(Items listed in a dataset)
★ ★ ★ ★ ★ ★ ★

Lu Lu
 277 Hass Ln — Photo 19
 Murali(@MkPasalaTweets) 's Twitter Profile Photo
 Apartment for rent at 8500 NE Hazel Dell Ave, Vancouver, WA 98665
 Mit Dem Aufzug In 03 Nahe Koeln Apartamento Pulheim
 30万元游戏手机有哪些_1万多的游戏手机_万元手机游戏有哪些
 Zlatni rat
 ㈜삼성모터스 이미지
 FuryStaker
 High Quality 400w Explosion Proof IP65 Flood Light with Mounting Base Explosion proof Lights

★ ★ ★ ★ ★ ★ ★

Work item:
Each entry should be reproduced in the output exactly.

Answer to the exercise:
Lu Lu
 277 Hass Ln — Photo 19
 Murali(@MkPasalaTweets) 's Twitter Profile Photo
 Apartment for rent at 8500 NE Hazel Dell Ave, Vancouver, WA 98665
 Mit Dem Aufzug In 03 Nahe Koeln Apartamento Pulheim
 30万元游戏手机有哪些_1万多的游戏手机_万元手机游戏有哪些
 Zlatni rat
 ㈜삼성모터스 이미지
 FuryStaker
 High Quality 400w Explosion Proof IP65 Flood Light with Mounting Base Explosion proof Lights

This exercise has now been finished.